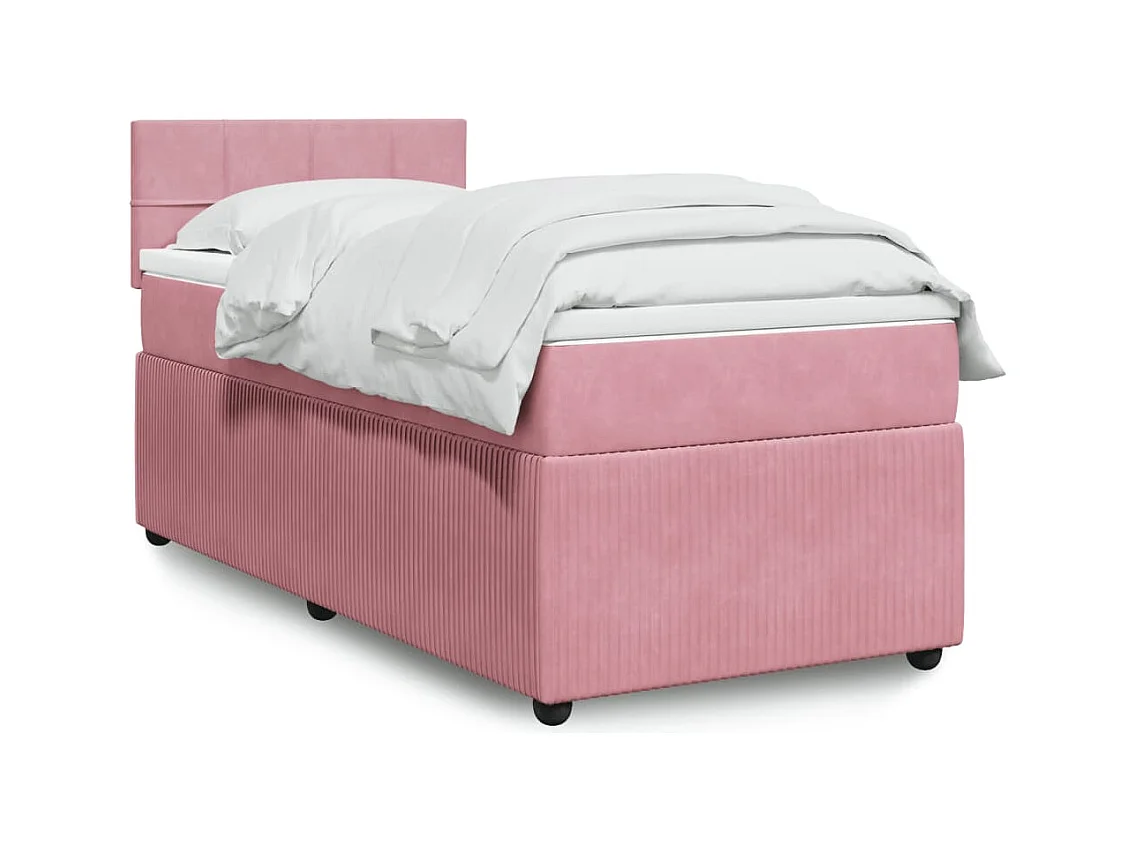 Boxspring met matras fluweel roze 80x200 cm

...

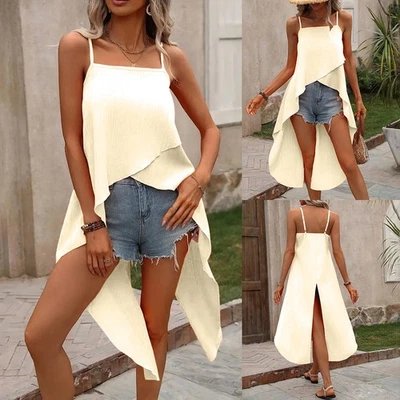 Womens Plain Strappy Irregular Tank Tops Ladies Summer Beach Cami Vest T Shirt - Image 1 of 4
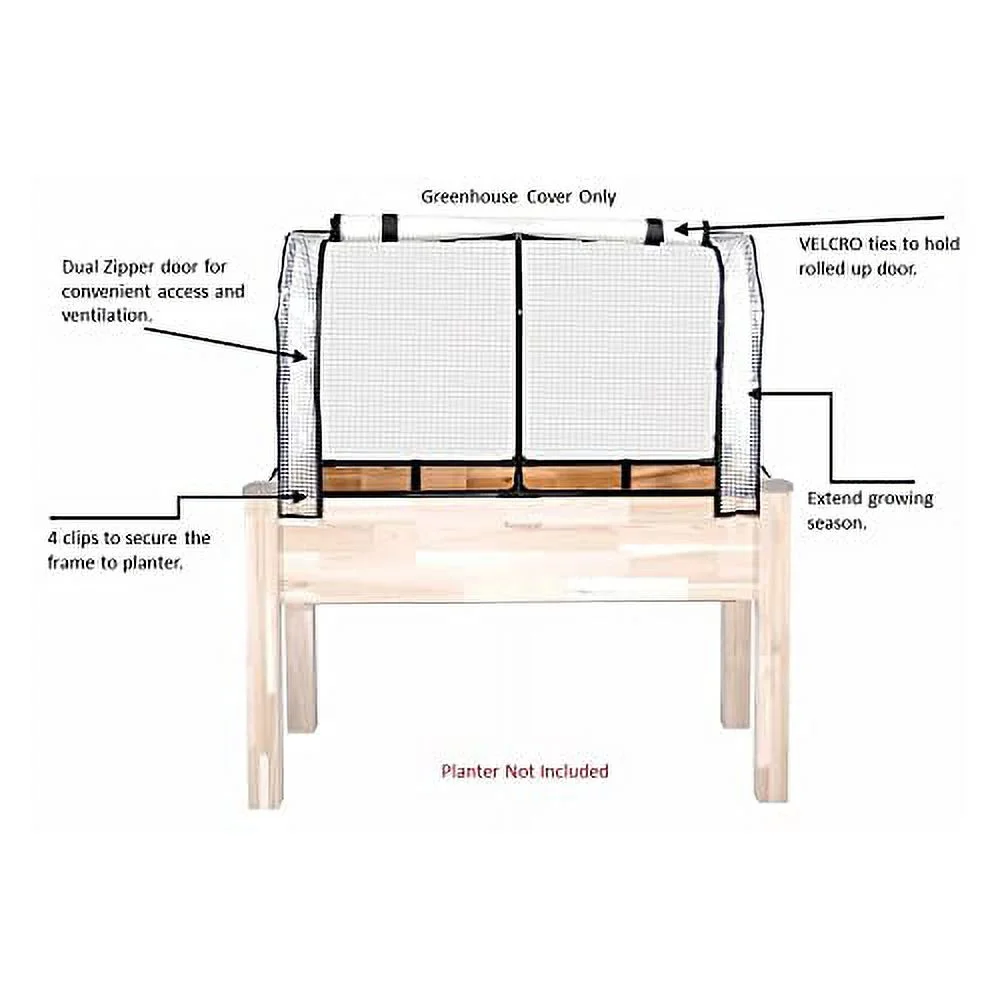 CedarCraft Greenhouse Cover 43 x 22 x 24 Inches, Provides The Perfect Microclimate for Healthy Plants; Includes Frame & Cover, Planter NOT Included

_WHAT TO WORK ON:_ Return only the part above that opens with the line containing "Womens Plain Strappy" and closes with the line containing "CedarCraft Greenhouse Cover", exactly and with both ends, skipping the pictures.

_RESULT OF THIS EXERCISE:_
 Womens Plain Strappy Irregular Tank Tops Ladies Summer Beach Cami Vest T Shirt - Image 1 of 4
 CedarCraft Greenhouse Cover 43 x 22 x 24 Inches, Provides The Perfect Microclimate for Healthy Plants; Includes Frame & Cover, Planter NOT Included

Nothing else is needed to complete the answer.